Stock Picks: Bed Bath & Beyond, Goldman Sachs, Red Hat

Wall Street analysts offer buy, sell, or hold opinions on stocks in the news on Sept. 23

Bed Bath & Beyond: Credit Suisse equity analyst Gary Balter maintained a neutral rating and $50 price target on shares of home-furnishings retailer Bed Bath & Beyond (BBBY) on Sept. 23.

On Sept. 23, Bed Bath & Beyond climbed the most in two months in Nasdaq trading after forecasting a third-quarter profit that may exceed some analysts' estimates and projecting faster full-year growth. Earnings in the quarter that began on Aug. 29 may range from 61¢ to 65¢, the Union (N.J.)-based company said in a statement after the markets closed on Sept. 22. Analysts surveyed by Bloomberg estimated earnings at 64¢, on average. Full-year earnings per share may advance by 20 percent, compared with a June projection of 15 percent, the company said.
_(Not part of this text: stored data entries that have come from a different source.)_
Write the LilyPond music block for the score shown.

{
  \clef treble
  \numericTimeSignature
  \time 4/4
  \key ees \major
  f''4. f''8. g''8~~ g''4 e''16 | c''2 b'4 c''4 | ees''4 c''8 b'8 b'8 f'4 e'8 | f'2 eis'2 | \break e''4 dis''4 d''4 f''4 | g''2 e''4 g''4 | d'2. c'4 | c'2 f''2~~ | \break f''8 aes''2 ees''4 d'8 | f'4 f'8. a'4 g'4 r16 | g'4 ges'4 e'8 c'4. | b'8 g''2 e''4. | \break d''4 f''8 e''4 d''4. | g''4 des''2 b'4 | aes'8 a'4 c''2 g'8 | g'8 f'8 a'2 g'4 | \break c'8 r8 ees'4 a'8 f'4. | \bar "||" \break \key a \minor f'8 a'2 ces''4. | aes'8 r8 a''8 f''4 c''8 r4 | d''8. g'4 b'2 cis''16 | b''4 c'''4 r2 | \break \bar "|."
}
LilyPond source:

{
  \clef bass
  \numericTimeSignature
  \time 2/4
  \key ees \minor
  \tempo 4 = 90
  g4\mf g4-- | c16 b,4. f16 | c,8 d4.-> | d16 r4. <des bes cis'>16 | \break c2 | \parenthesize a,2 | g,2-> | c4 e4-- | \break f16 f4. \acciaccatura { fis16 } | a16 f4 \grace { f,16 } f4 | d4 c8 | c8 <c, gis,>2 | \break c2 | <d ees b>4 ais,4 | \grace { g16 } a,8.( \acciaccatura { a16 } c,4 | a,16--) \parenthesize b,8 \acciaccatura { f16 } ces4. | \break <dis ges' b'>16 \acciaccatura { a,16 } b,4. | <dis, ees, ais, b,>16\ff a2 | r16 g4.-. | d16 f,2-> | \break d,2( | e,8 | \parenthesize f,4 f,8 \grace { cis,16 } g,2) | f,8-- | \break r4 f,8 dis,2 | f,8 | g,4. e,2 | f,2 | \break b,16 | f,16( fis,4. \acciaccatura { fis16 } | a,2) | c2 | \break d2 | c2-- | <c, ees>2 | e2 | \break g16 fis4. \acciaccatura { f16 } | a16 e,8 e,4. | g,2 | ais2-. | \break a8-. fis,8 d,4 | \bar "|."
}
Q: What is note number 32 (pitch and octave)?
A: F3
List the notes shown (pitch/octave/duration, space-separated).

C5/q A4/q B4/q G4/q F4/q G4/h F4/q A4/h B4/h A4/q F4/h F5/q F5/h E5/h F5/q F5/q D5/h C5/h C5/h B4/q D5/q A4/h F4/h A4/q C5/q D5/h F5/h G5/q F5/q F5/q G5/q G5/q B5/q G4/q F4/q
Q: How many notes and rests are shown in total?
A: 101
The company is "cautiously optimistic" about the second half, Chief Executive Officer Steven Temares told analysts during a Sept. 22 conference call. He said unemployment and the economic outlook may "continue to pressure consumers and affect their spending."

The shares increased $1.69, or 4 percent, to $43.74 at 10:57 a.m. in Nasdaq Stock Market trading on Sept. 23, after advancing as much as 4.6 percent, the biggest intraday jump since July 22. The stock had gained 9.1 percent this year before today.
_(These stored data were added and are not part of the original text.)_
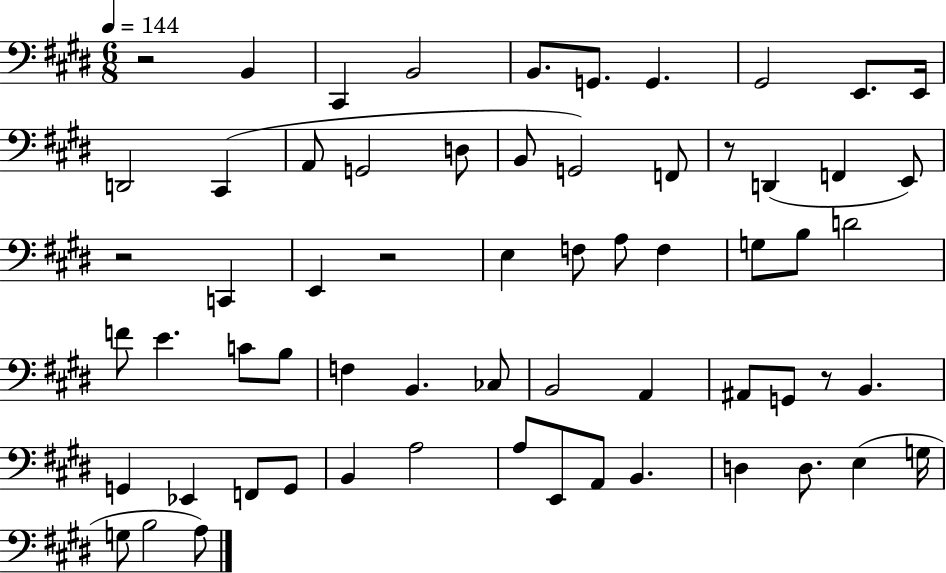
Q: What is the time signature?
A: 6/8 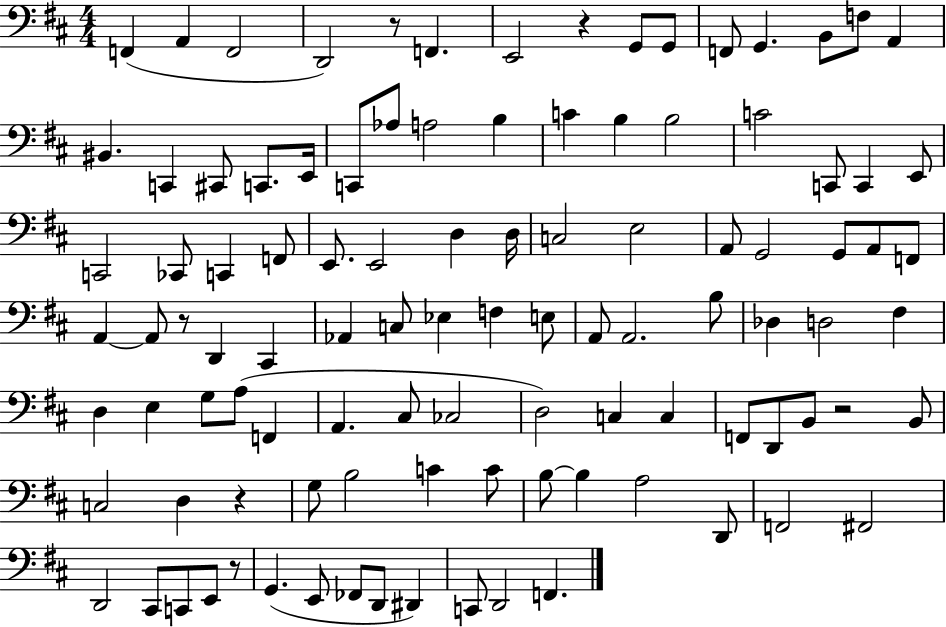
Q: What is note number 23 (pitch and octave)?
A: C4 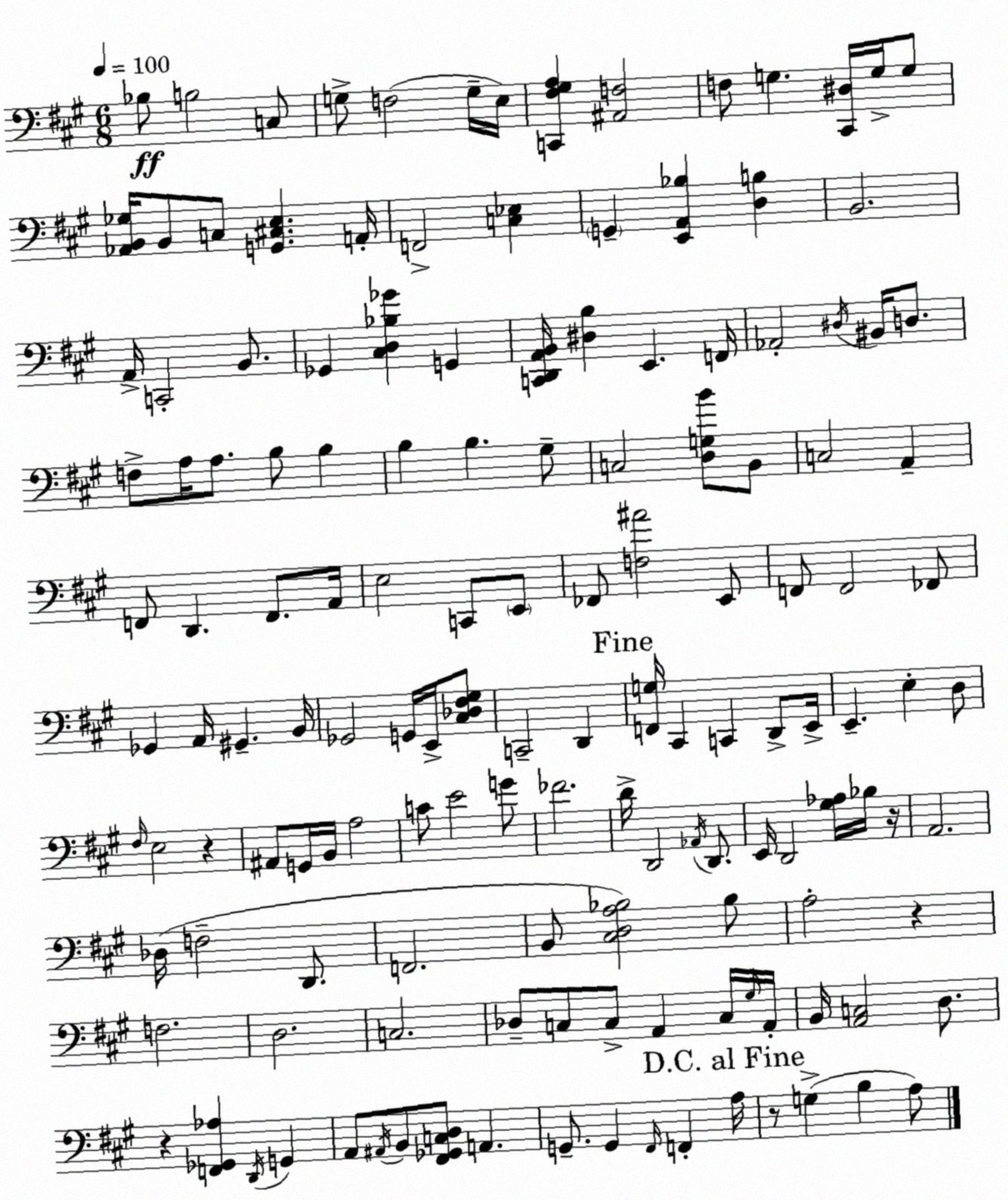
X:1
T:Untitled
M:6/8
L:1/4
K:A
_B,/2 B,2 C,/2 G,/2 F,2 G,/4 E,/4 [C,,^F,^G,A,] [^A,,F,]2 F,/2 G, [^C,,^D,]/4 G,/4 G,/2 [_A,,B,,_G,]/4 B,,/2 C,/2 [G,,^C,E,] A,,/4 F,,2 [C,_E,] G,, [E,,A,,_B,] [D,B,] B,,2 A,,/4 C,,2 B,,/2 _G,, [^C,D,_B,_G] G,, [C,,D,,A,,B,,]/4 [^D,B,] E,, F,,/4 _A,,2 ^D,/4 ^B,,/4 D,/2 F,/2 A,/4 A,/2 B,/2 B, B, B, ^G,/2 C,2 [D,G,B]/2 B,,/2 C,2 A,, F,,/2 D,, F,,/2 A,,/4 E,2 C,,/2 E,,/2 _F,,/2 [F,^A]2 E,,/2 F,,/2 F,,2 _F,,/2 _G,, A,,/4 ^G,, B,,/4 _G,,2 G,,/4 E,,/4 [^C,_D,^F,^G,]/2 C,,2 D,, [F,,G,]/4 ^C,, C,, D,,/2 E,,/4 E,, E, D,/2 ^F,/4 E,2 z ^A,,/2 G,,/4 B,,/4 A,2 C/2 E2 G/2 _F2 D/4 D,,2 _A,,/4 D,,/2 E,,/4 D,,2 [^G,_A,]/4 _B,/4 z/4 A,,2 _D,/4 F,2 D,,/2 F,,2 B,,/2 [^C,D,A,_B,]2 _B,/2 A,2 z F,2 D,2 C,2 _D,/2 C,/2 C,/2 A,, C,/4 ^G,/4 A,,/4 B,,/4 [A,,C,]2 D,/2 z [F,,_G,,_A,] D,,/4 G,, A,,/2 ^A,,/4 B,,/2 [^F,,_G,,C,D,]/2 A,, G,,/2 G,, ^F,,/4 F,, A,/4 z/2 G, B, A,/2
In a note, Balter said Bed Bath & Beyond reported a "very solid" second quarter, "marking the last of the relatively easy" quarterly comparisons since competitor Linens 'n Things shuttered its stores after filing for bankruptcy in 2008.

"Despite four quarters of upside, this stock over that time period is up just moderately, reflecting concerns over the more difficult upcoming comparisons, as well as investor frustration with the cash hoard that this management team continues to sit on," Balter said. "We remain surprised that this superbly run retailer, one with significant insider ownership, would shy away from supporting its stock or paying out some of that cash before that option becomes more expensive in 2011."

The analyst raised an earnings per share (EPS) estimate for fiscal 2011 (ending February) to $2.77, from $2.69.

"Unless BBBY changes its balance sheet management, we see better near-term opportunities within our group at this time," Balter said.

Goldman Sachs Group: Standard & Poor's equity analysts Robert McMillan and Royal Shepard reiterated a hold rating and $162 price target on shares of Goldman Sachs Group (GS) on Sept. 23.

"As expected, industry trading volumes slowed this summer as investors assessed the outlook for global economies," the analysts wrote in a posting on the S&P MarketScope service. "We think market volatility will continue, although recent September trading results are more encouraging."

McMillan and Shepard said they think backlogs of mergers and acquisition deals are improving, while demand for the company's restructuring advice remains strong. They said they expect Goldman to keep "tight" control of variable compensation costs. They kept a 2010 EPS estimate of $14.55.

Red Hat: Capstone Investments equity analyst James Gilman maintained a sell rating and $24 price target on shares of Red Hat (RHT) on Sept. 23.

Shares of Red Hat rose 11 percent to $40.64 on Sept. 23 after the largest seller of the Linux operating system reported second-quarter profit of 19¢ a share, beating the average analyst estimate by 2.7 percent.

Gilman said in a note that revenue and EPS were above his estimates of $211.4 million and 18¢. He noted that billings of $233 million were also above his expectations of $219 million; cash flow from operations was $64 million vs. his $48 million estimate.

The analyst said Red Hat kept its guidance for cash flow from operations unchanged even though it raised revenue and net income guidance. "All things being equal, an increase in net income would mean that cash flow from operations should increase by the same amount," he said. "We think the unchanged cash flow guidance implies slowing billings growth."